Opened 17 years ago
Last modified 3 weeks ago
#9993 assigned defect (bug)
Rss and atom feeds are dropping some characters
| Reported by: |
|
Owned by: | |
|---|---|---|---|
| Milestone: | Awaiting Review | Priority: | normal |
| Severity: | normal | Version: | 2.7.1 |
| Component: | Feeds | Keywords: | has-patch has-unit-tests needs-refresh needs-test-info |
| Focuses: | Cc: |
Description
Blog post with title:
& > test <
has the less than ( < ) is stripped from the atom and rss feed.
Attachments (3)
Change History (38)
#5
@
17 years ago
- Component changed from XML-RPC to Feeds
- Keywords has-patch added; needs-patch removed
- Owner josephscott deleted
The PHP's built-in "strip_tags" function has caused the error. It also seems not necessary to have it applied to the_title_rss(). I have uploaded a patch to remove it.
#6
@
17 years ago
trouble with the patch is the strip_tags() call might be there for a reason. isn't it possible to have html in a post title?
#8
@
17 years ago
Yes. However, WordPress will escape the HTML (via the "ent2ncr" function) and therefore they are no longer HTML.
I think calling strip_tags is problmatic because an author can have a post title like "Use <h1> to <h6> for headings, <p> for paragraphy, but not formatting". strip_tags will remove the HTML unexpectedly.
#10
@
17 years ago
The priorities of ent2ncr are no longer modified by the patch. The new patch only removes the unnecessary 'strip_tags' filter.
#11
@
16 years ago
- Keywords needs-testing added; needs-review removed
Marking this report "needs-testing" in order to gain attention in the upcoming bug hunt.
#12
@
16 years ago
- Milestone changed from 2.9 to 3.0
There are other areas where we need a smarter strip. Let's figure it out in 3.0.
#13
@
16 years ago
- Keywords early added
- Milestone changed from 3.0 to 3.1
Punting due to impending beta
#14
follow-up:
↓ 19
@
16 years ago
Patch updated for 3.1.
"& > test <" now works even without the patch, but "<test>This is a test</test>" not.

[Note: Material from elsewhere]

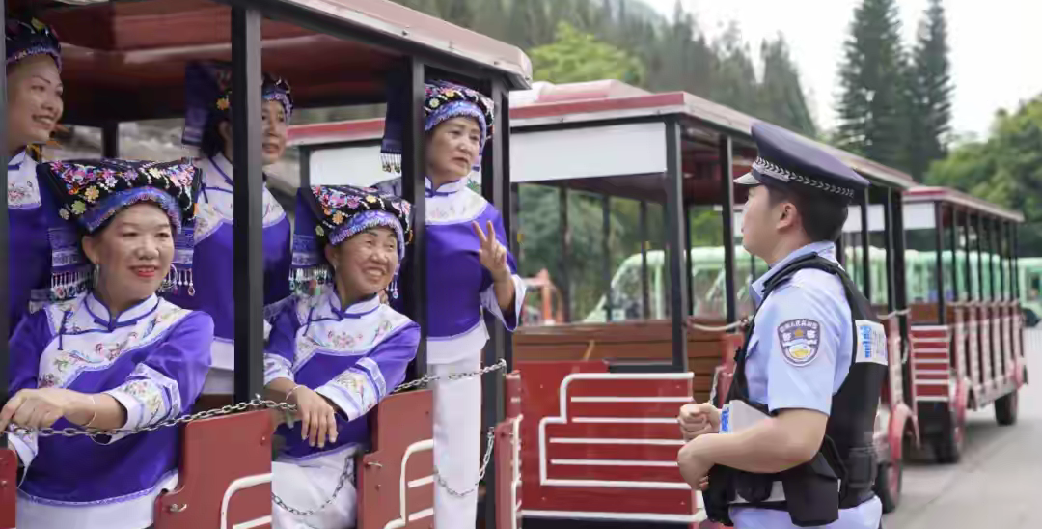 万峰林景区：“旅游警务”绘就平安“警”色(图6)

I still think there is no reason for having 'strip_tags' in feed title as they are escaped already.
#15
@
15 years ago
- Keywords 3.2-early added; early removed
- Milestone changed from Awaiting Triage to Future Release
Bumping once more.
#16
@
13 years ago
- Cc mdhansen@… added
- Keywords 3.2-early removed
I was able to reproduce the problem in trunk (3.5-beta2-22252). Confirmed the patch fixes the problem.
#18
@
11 years ago
- Keywords needs-unit-tests removed
Errors still exists. Patch 9993-tests.diff adds test cases for both lone XML entities and XML tags.
#19
in reply to:
↑ 14
;
follow-up:
↓ 21
@
11 years ago
Replying to peaceablewhale:
I still think there is no reason for having 'strip_tags' in feed title as they are escaped already.
According to the RSS Best Practices Profile (http://www.rssboard.org/rss-profile), the <title> element for both channels and items is plain text character data and so should not contain embedded HTML tags.

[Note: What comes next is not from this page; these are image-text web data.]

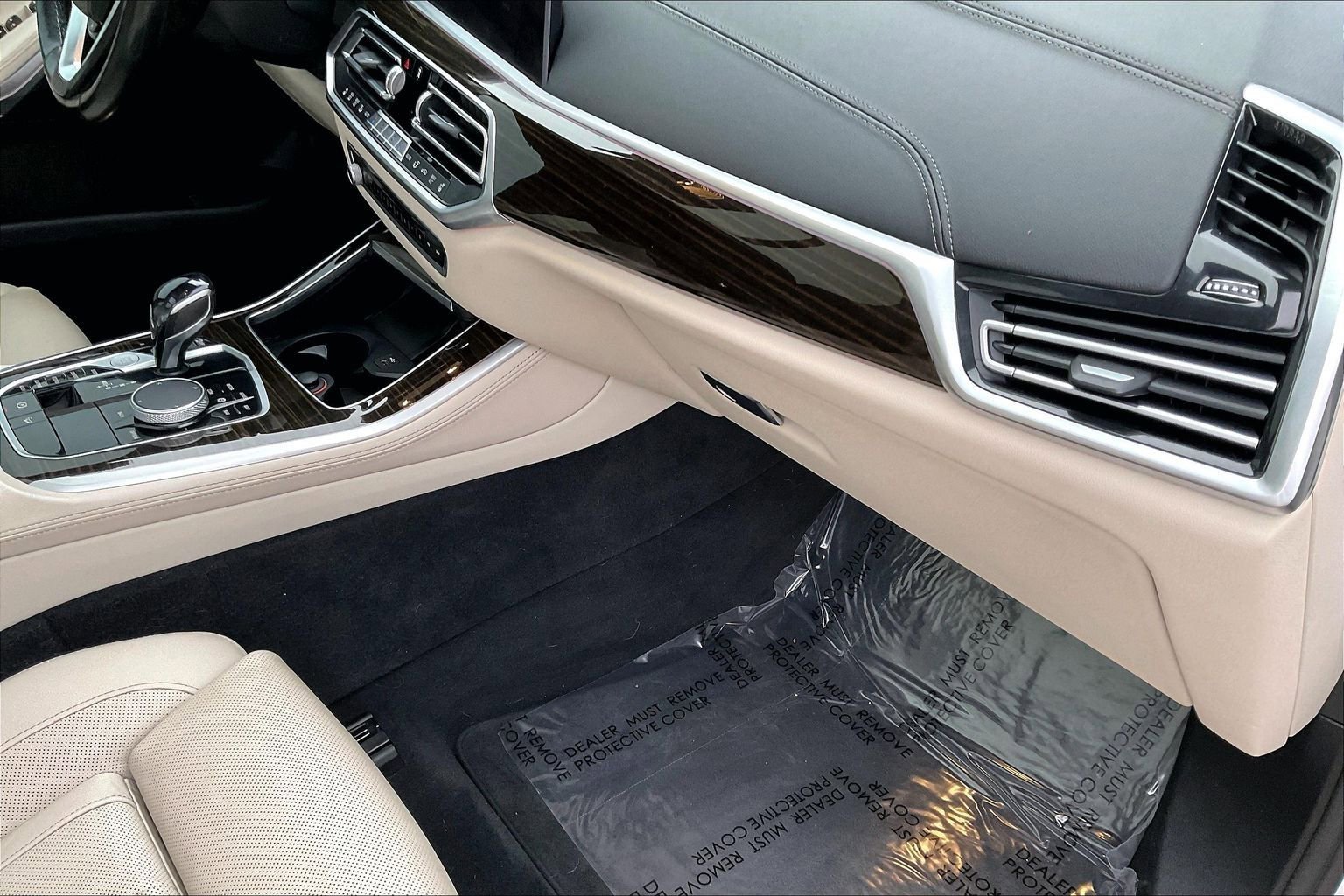 Used 2020 BMW X5 xDrive40i w/ Premium Package image 19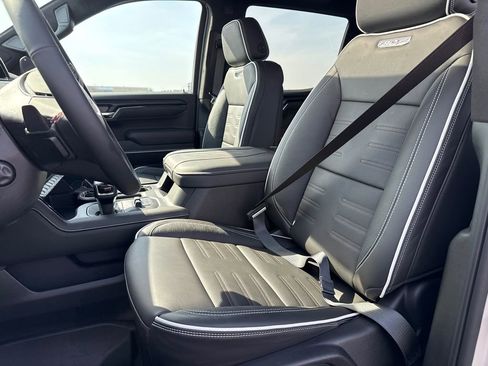 New 2026 GMC Sierra 1500 AT4X AWD/4WD image 17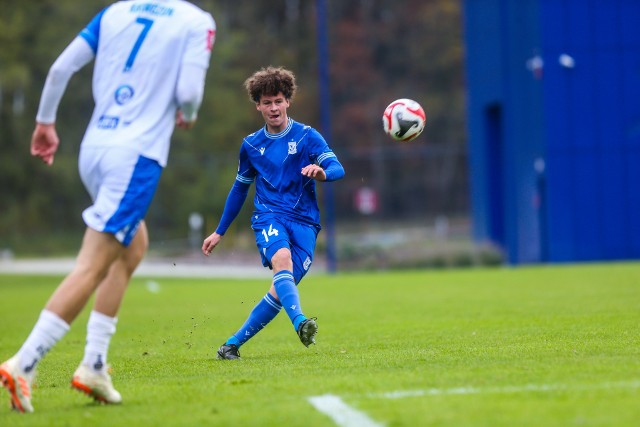 Lech Poznań U-19 wygrał na wyjeździe z Sandecją Nowy Sącz. Jedną z bramek zdobył Patryk Olejnik. 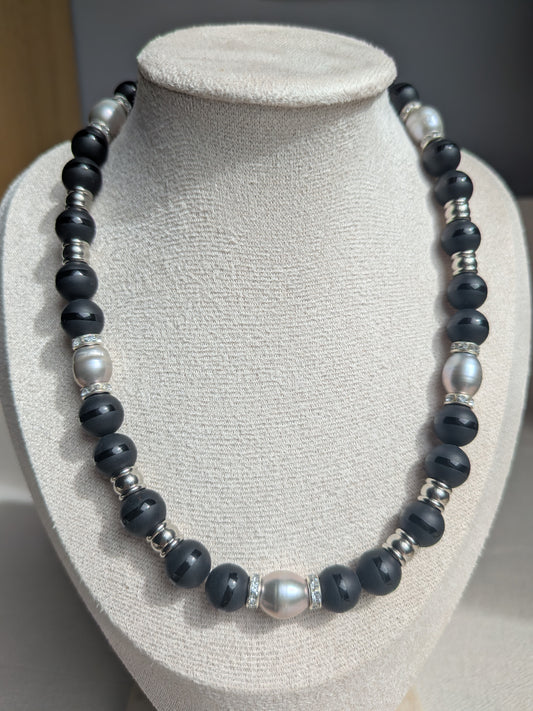 Collier en onyx et perles de culture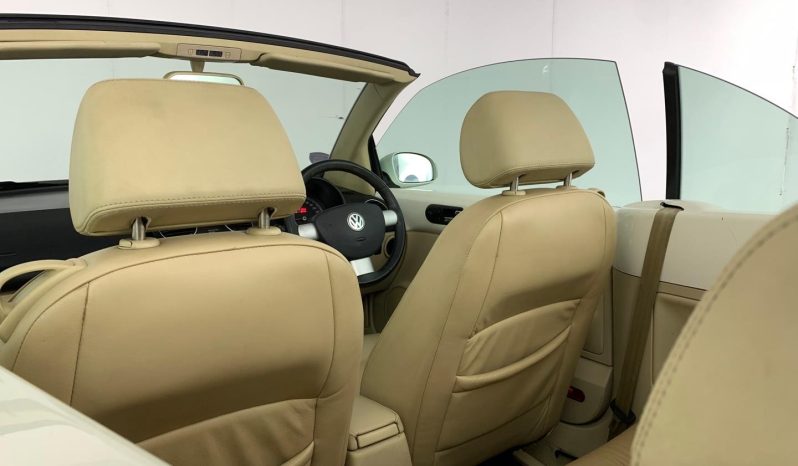 
								Volkswagen Beetle 2.0 Cabriolet full									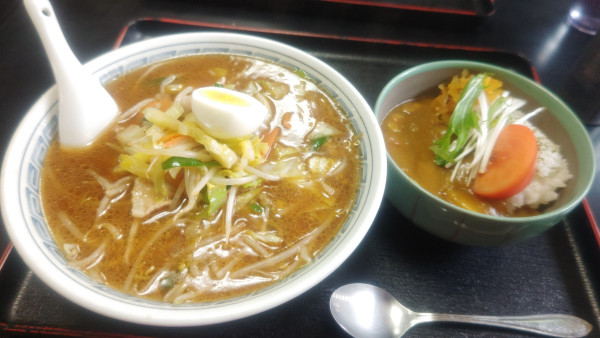 「みそラーメン７５０円＆半カレーライス370円」@大野屋の写真
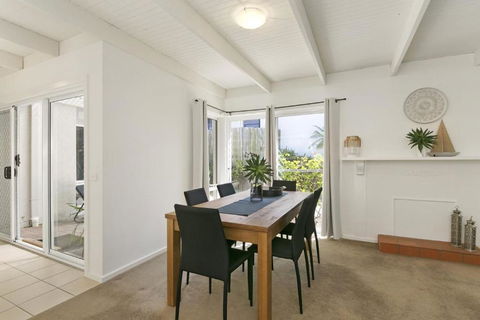 Mysa Anglesea Sleeps 7 WiFi Netflix Cafes Shops - Northern Rivers Accommodation 5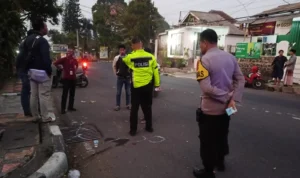 Pihak kepolisian meninjau lokasi laka lantas di Cimanggah, Kota Sukabumi.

I also don't see how post titles are already "escaped".
#21
in reply to:
↑ 19
@
11 years ago
Replying to mdgl:
Replying to peaceablewhale:
I still think there is no reason for having 'strip_tags' in feed title as they are escaped already.

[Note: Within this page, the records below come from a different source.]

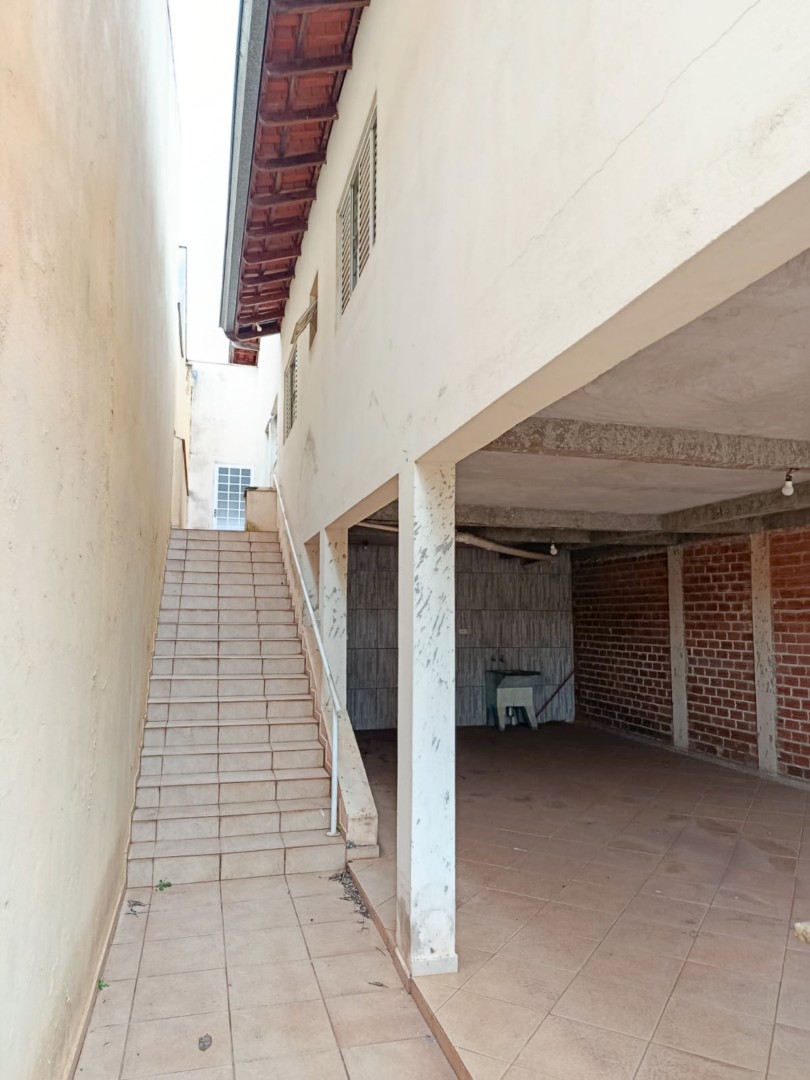Casa Residencial para locação no bairro Jardim Guararapes de Londrina - Foto 21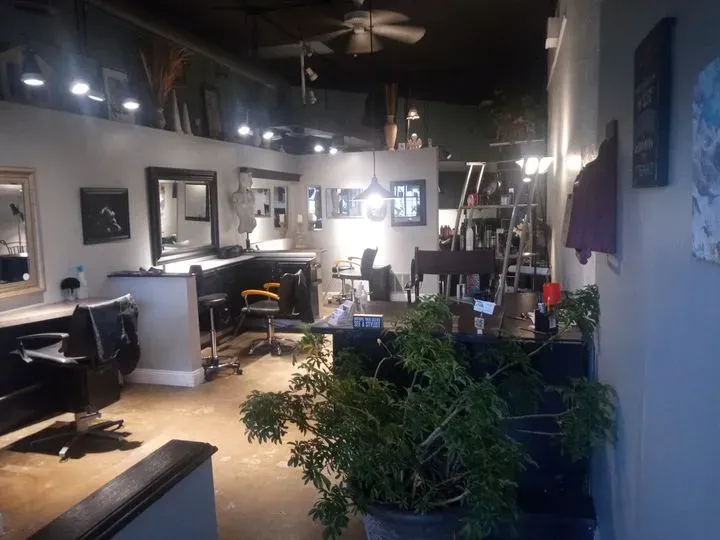 https://cdn.salonspotlight.com/photos/8kN8u6YxexUvPKKjqvGn/bf59b0a9-9f4d-4c1c-9d5e-f51f9e5ee229_720x720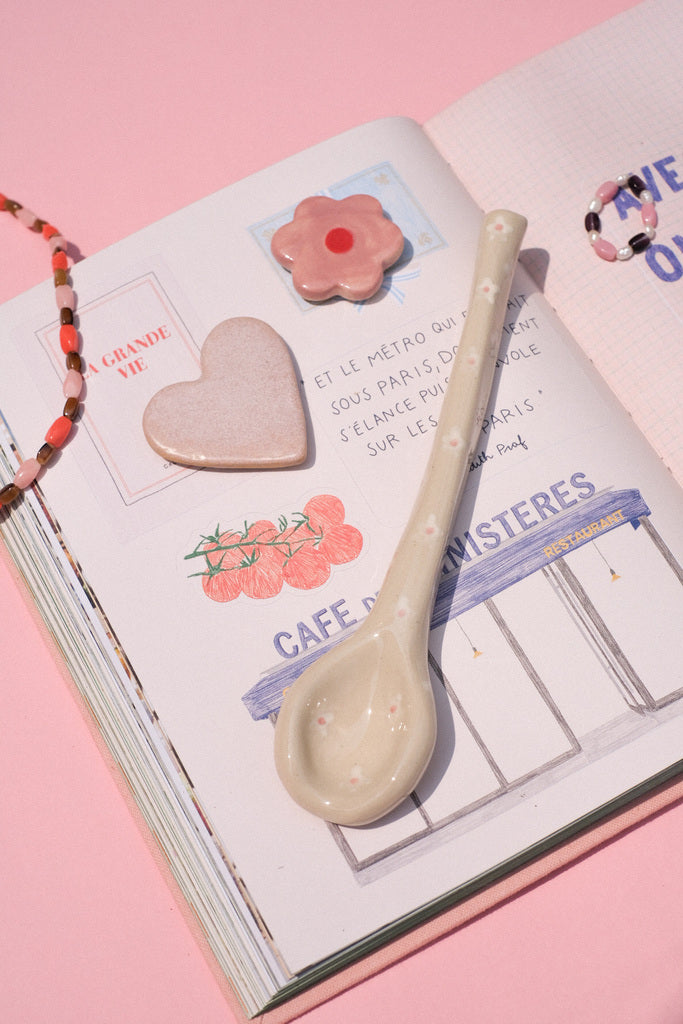 Cuillère en céramique motifs fleurs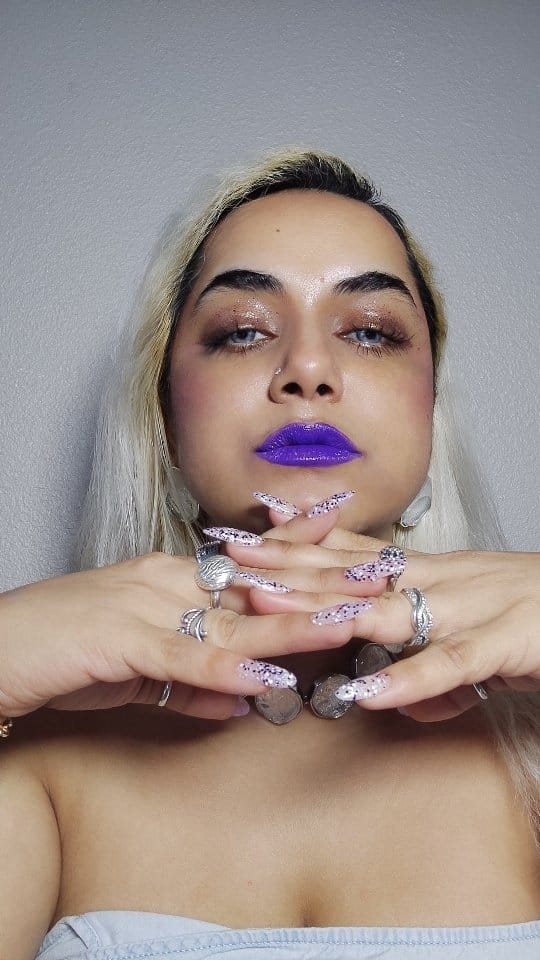 Post 6 by S H U B H I on Instagram (video)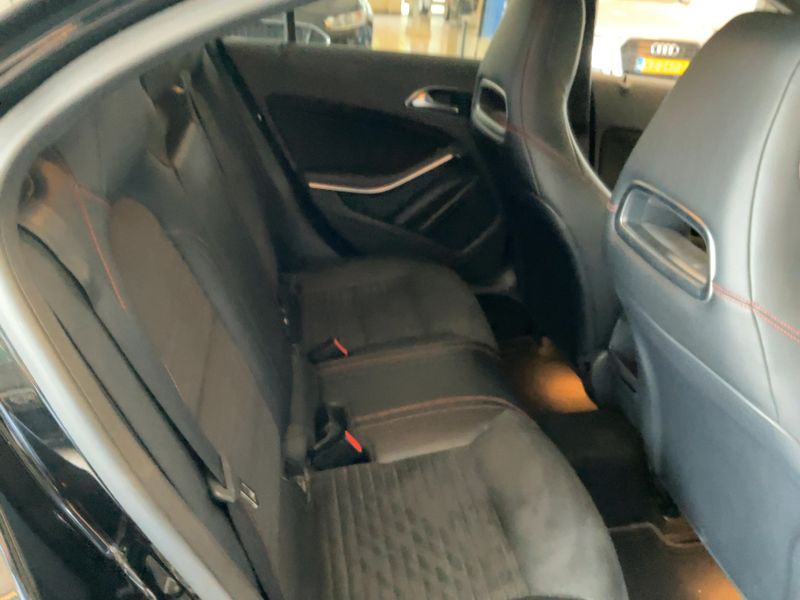 Mercedes-Benz A-Klasse A 180 CDI BlueEfficiency AMG Sport — zdjęcie 14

According to the RSS Best Practices Profile (http://www.rssboard.org/rss-profile), the
<title>element for both channels and items is plain text character data and so should not contain embedded HTML tags.
I also don't see how post titles are already "escaped".
I believe what @peaceablewhale is saying is that the filters applied to the the_title_rss include methods for escaping HTML. If an additional filter was added to the_title_rss that also escaped the disallowed XML characters, there would be no reason to strip the tags.
The string, <h1>, would be disallowed inside an XML element, but <h1> is valid even thought <h1> would be best.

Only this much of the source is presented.